Pas plus tard que le 4 janvier dernier, trois migrants ont trouvé la mort et 200 autres ont été arrêtés alors que 20 personnes ont été transférées aux hôpitaux de Fnideq et M’diq pour recevoir les soins nécessaires suite à une tentative de franchissement des barrières séparant le Maroc de ses présides occupés. Deux hommes et une femme auraient subi une opération chirurgicale vu la gravité de leurs blessures. Même les 17 personnes qui ont réussi à franchir la clôture n’ont pas été épargnées puisqu’elles ont été refoulées à chaud vers le Maroc.
Un scénario à l’identique de celui du 25 décembre dernier qui a enregistré trois décès et 19 blessés dont trois dans un état grave après une tentative de 185 Subsahariens d’escalader les barrières.
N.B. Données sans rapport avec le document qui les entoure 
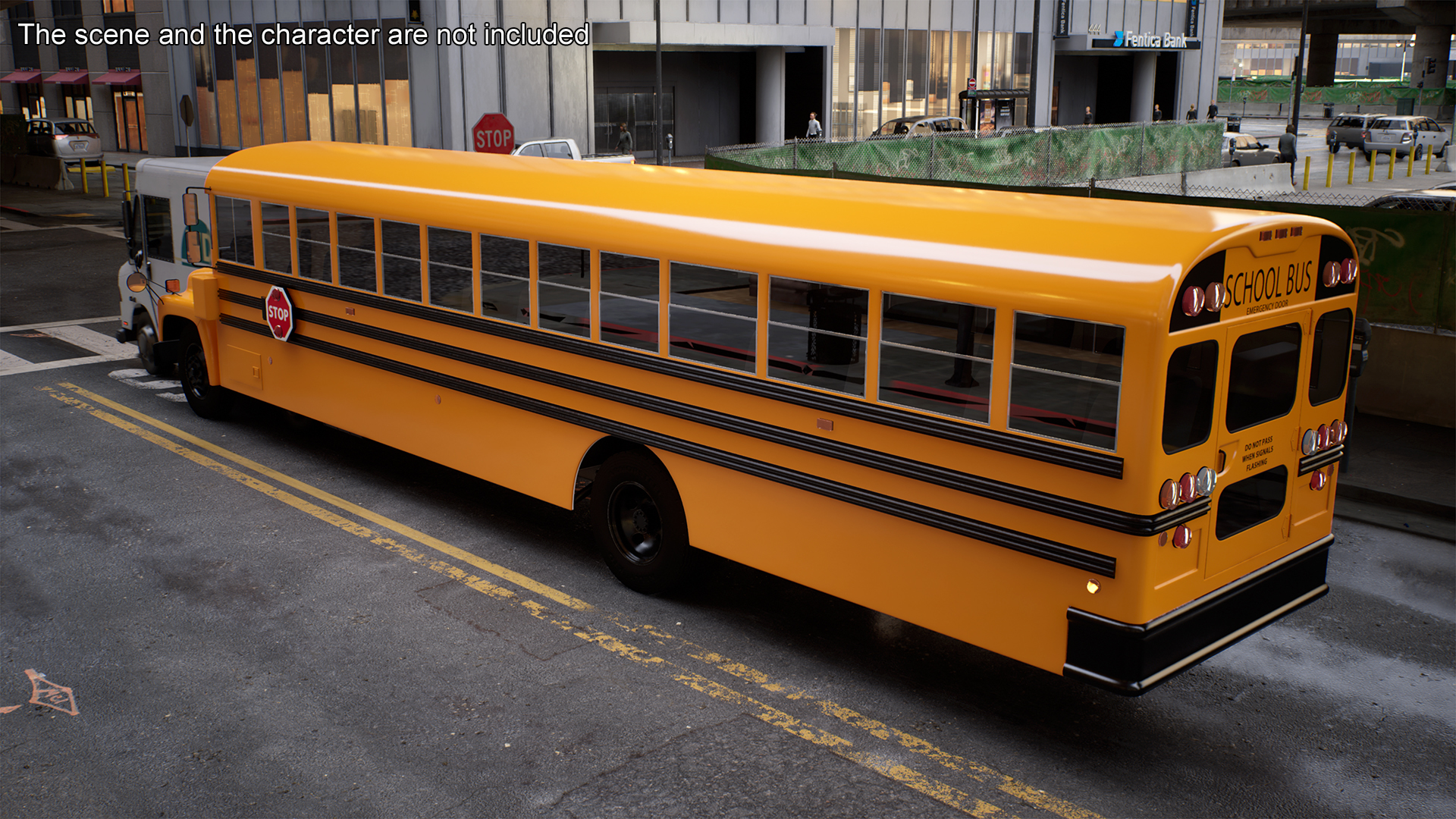 Old School Bus 3D model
Plusieurs d’entre eux ont été arrêtés et refoulés vers Agadir et Tiznit.
Selon un communiqué de l’Association Mains solidaires, ce durcissement de ton date d’octobre dernier lorsque les autorités ont procédé à des opérations de ratissage qui se sont soldées par des arrestations et des refoulements forcés vers l’intérieur du pays. Des mesures qui ont concerné même les migrants réguliers au motif que ces derniers doivent rester dans les villes où ils ont reçu leur carte de résidence.
«Les opérations d’arrestations et de refoulements forcés vers l’intérieur du pays sont de plus en plus fréquentes depuis octobre dernier. Tous les 10 jours, on assiste à de telles opérations », nous a indiqué Hassan Ammari, expert en question migratoire. Et de préciser : «Nador, Fnideq, Mellilia et Tanger sont devenus des lieux de transit vers des villes comme Fès, Meknès, Agadir et Tiznit ».
Comment peut-on expliquer cette situation ? « Il ne peut y avoir qu’une seule explication. Le Maroc a certainement signé des accords l’obligeant à réagir ainsi. Il n’y aurait pas un tel agissement de la part du Royaume s’il n’y avait pas entente avec l’Espagne», nous a expliqué notre source. Une position qui semble contre-productive à long terme, selon Hassan Ammari. D’après lui, le Maroc agit dans l’intérêt de l’Espagne mais risque trop en termes d’image comme pays où l’on respecte les droits de l’Homme. « L’Espagne est la grande gagnante mais pas autant pour notre pays puisque les projecteurs sont de plus en plus braqués sur son respect des droits de l’Homme en matière de migration. Le rappel fait par Nils Muznieks, commissaire aux droits de l'Homme du Conseil de l'Europe qui a demandé plus de respect des droits des migrants, en dit long sur ce respect », nous a déclaré notre source. Et d’ajouter : « Ceci d’autant plus que les opérations d’arrestations et de refoulements vers l’intérieur du pays n’ont rien d’efficace puisque les mêmes personnes expulsées reviennent sur les lieux 48 heures plus tard ».
Une mauvaise passe que Human Rights Watch a déjà soulevée en 2014. L’ONG a appelé les autorités espagnoles et marocaines à mettre en place des procédures afin de protéger les droits des migrants et de bannir les expulsions sommaires aux frontières. «L’expulsion de personnes hors des frontières, sans procédure régulière, ni recherche de protection, viole les lois espagnole, européenne et internationale», a expliqué Judith Sunderland, chercheuse senior pour l’Europe occidentale à Human Rights Watch. « D’autant plus que les migrants renvoyés de force au Maroc doivent faire face à des actes de violence et à d’autres abus pratiqués par les forces de sécurité marocaines», a-t-elle ajouté.
« Les mesures espagnoles visent à sécuriser leurs frontières avec le Maroc mais la situation risque de devenir plus tendue suite aux pressions européennes pour que le Maroc signe l’accord de réadmission. Et du coup, beaucoup de vigilance s’impose de la part des autorités marocaines », a conclu Hassan Ammari.